Bombesin is a tetradecapeptide that was first isolated in 1971 from the amphibian skin of a European toad Bombina bombina (1). In mammals, several bombesin-like peptides exist with structural homology to bombesin, including the mammalian peptides, gastrin-releasing peptide (GRP), and neuromedin B (43). Bombesin binds with high affinity to GRP (BB2) and neuromedin B (BB1) receptors, which are widely spread in the GI tract and also in the central nervous system (43). Bombesin-like peptides are released in the gastric mucosa in response to nutrients (56). It is well established that peripheral or central administration of bombesin or GRP suppresses food intake through interactions with both BB1 and BB2 receptors in a variety of species, including humans (19, 23, 32, 41, 43, 64, 69).
Another satiety peptide released from the GI tract is amylin, a 37-amino acid peptide produced by pancreatic β-cells, which is secreted into the blood stream after food intake (50). Peripheral administration of amylin suppresses food intake in rats and mice (9, 20, 38, 45, 75). Convergent studies established that amylin-induced decreased feeding behavior involves neurons of the area postrema (AP) (39), a circumventricular organ of the brain stem (40), in which amylin receptors are located in high density (58), whereas afferent vagal nerve fibers do not play a role (36).
Ghrelin is a 28-amino acid peptide hormone mainly produced in X/A-like cells in the mucosal layer of the stomach (16, 31, 73). Ghrelin is the first gut-brain peptide being identified to stimulate food intake in rats (46, 66, 71, 72), mice (4, 67), and humans (70). The potent orexigenic effect of peripheral administration of ghrelin (46, 66, 71, 72), the rise in plasma ghrelin levels induced by food deprivation, weight loss or before a meal (14, 66), and the reduction of feeding in response to central administration of growth hormone secretagogue receptor antagonist (3) in rodents implicate endogenous ghrelin in the initiation of food intake (13).
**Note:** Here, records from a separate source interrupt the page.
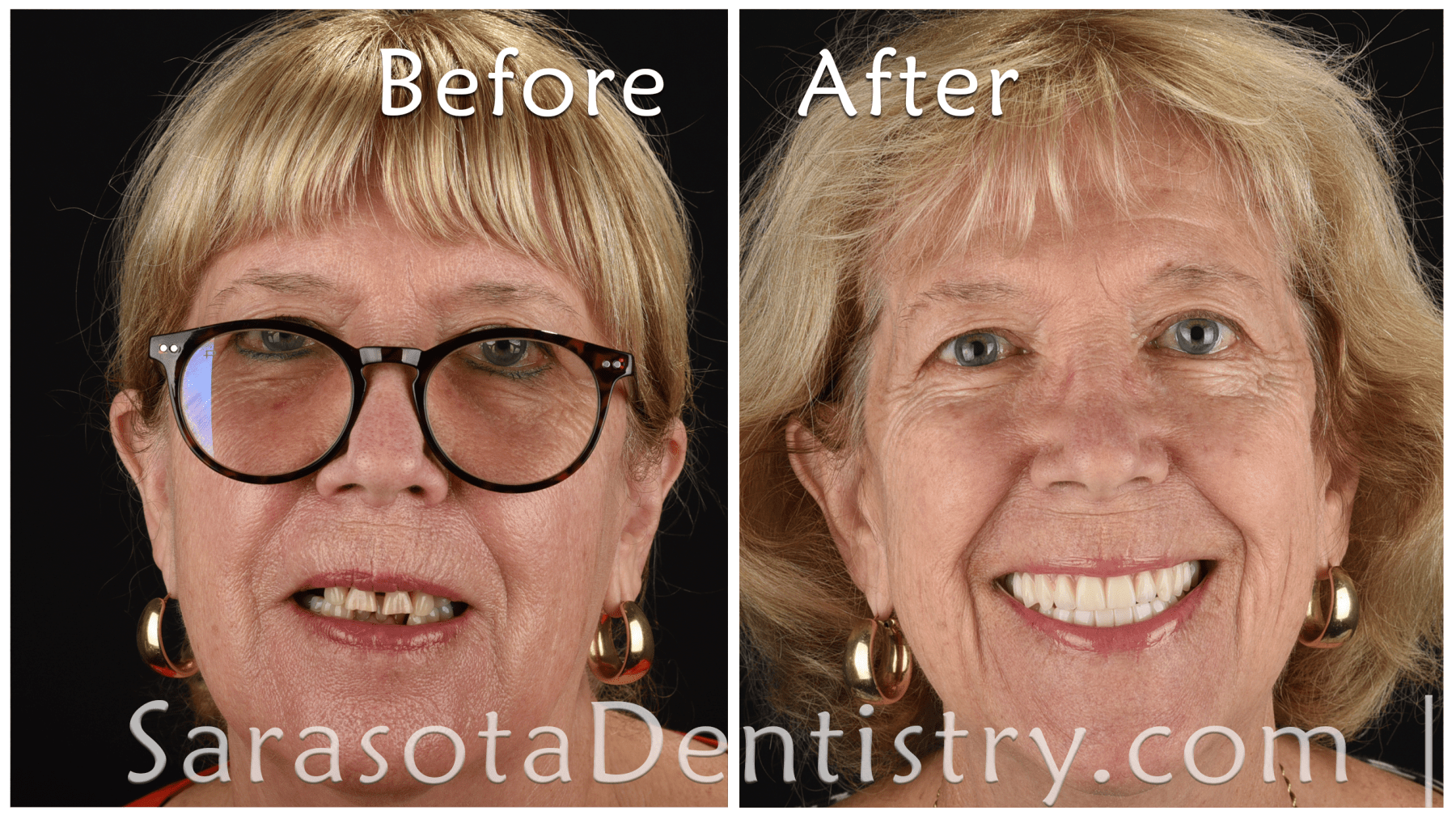 Life Changing Smile with Implants Crown and Denture --- Before and After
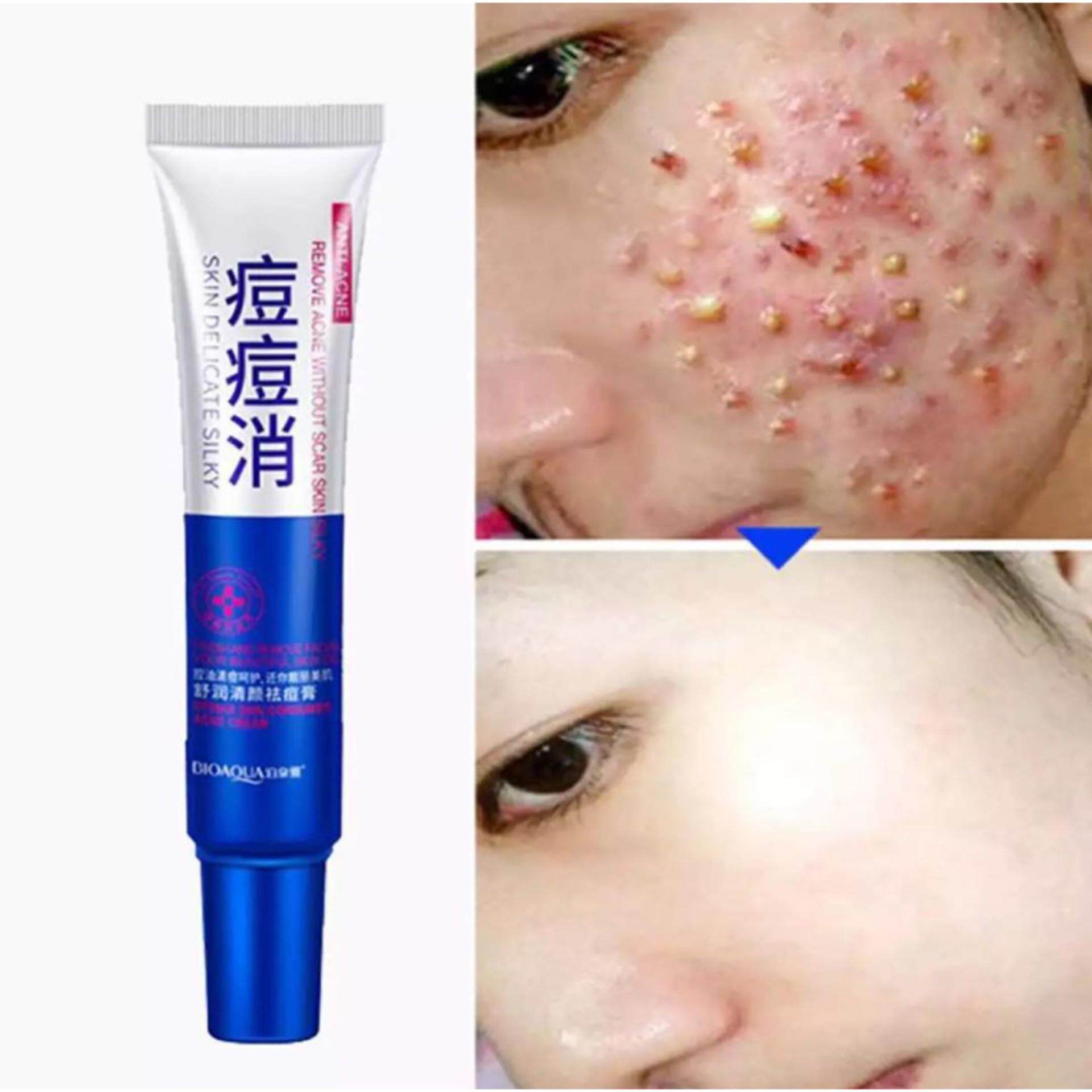 BIOAQUA Acne cream ครีมรักษาสิว ครีมแต้มสิว เจลรักษาสิว ครีมลบสิว ครีมรักษารอยสิวรอยแดง เครื่องสำอางสำหรับผู้ที่เป็นสิว สวยเร่งด่วน ช่อมแชมและดูแลผิว acne scar cream Korea style an-ti acne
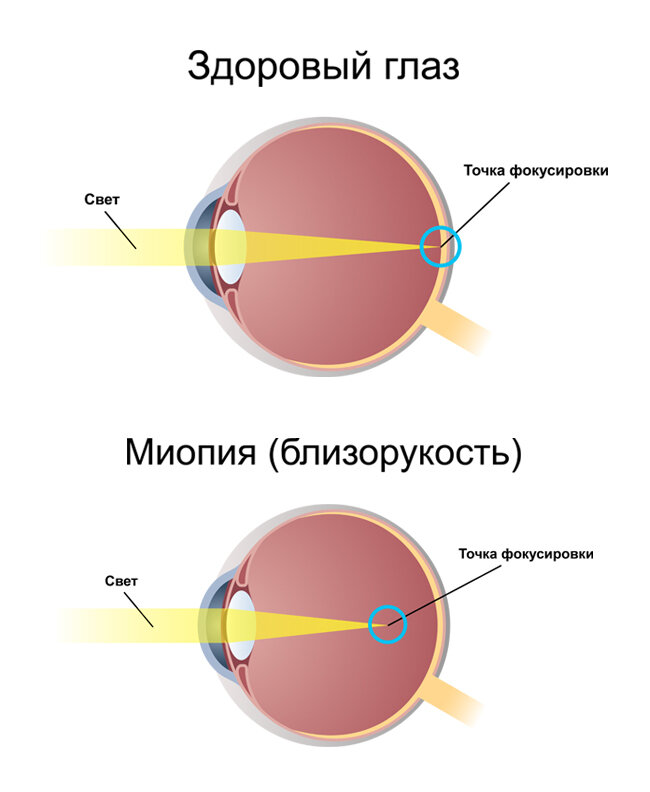 Сколько привыкать к очкам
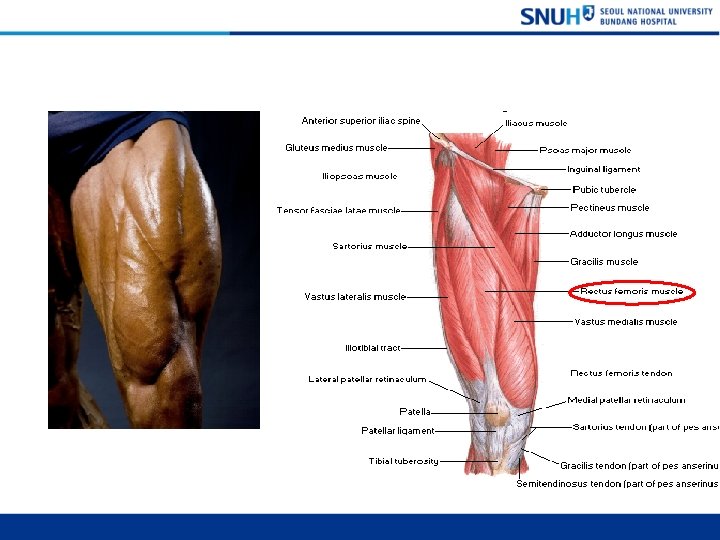 Rectus Femoris muscle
In sharp contrast to ghrelin, bombesin elicits anorexigenic effects and is involved in meal termination (19, 23, 32, 41, 64, 69). Recent studies indicate that vagal afferents-dependent mechanisms may be involved in peripheral injection of ghrelin-induced increase in food intake and Fos-like immunoreactivity (FLI) in the ARC, as demonstrated by the attenuation of the spontaneous feeding behavior induced by ghrelin after surgical deafferentiation of the vagal nerve (17). This contrasts with the inhibitory effect of bombesin on food intake that is mainly mediated by spinal afferent nerve fibers (42) and is not solely dependent on afferent vagal nerve fiber integrity (21, 61).
Ghrelin, bombesin, and amylin injected peripherally induce neuronal activation in different brain areas involved in regulation of satiety and hunger, as shown by the induction of the immediate early gene product Fos, a marker indicating neuronal activation in a specific brain area. Ghrelin administered intraperitoneally induces c-fos expression in the ARC in rats and mice (25, 30, 67) and in the paraventricular nucleus of the hypothalamus (PVN) in rats (30, 52). Double labeling showed that peripheral injection of ghrelin activates neurons containing the orexigenic peptides neuropeptide Y (NPY)/Agouti-related protein present in the ARC (67).
Peripheral injection of bombesin induces FLI in the PVN, nucleus tractus solitarius (NTS), and the AP (7, 34). In this context, it is of interest that intracerebroventricular administration of bombesin influences the hypothalamic corticotropin releasing factor (CRF) system as shown by the stimulation of CRF release in the hypothalamus (27, 28, 47). Activation of hypothalamic CRF plays a key role in the endocrine and anxiogenic responses to stress (5) as well as in other behavioral alterations, including the inhibition of food intake (12, 24, 59). A main source of hypothalamic CRF is neurons in the PVN (54).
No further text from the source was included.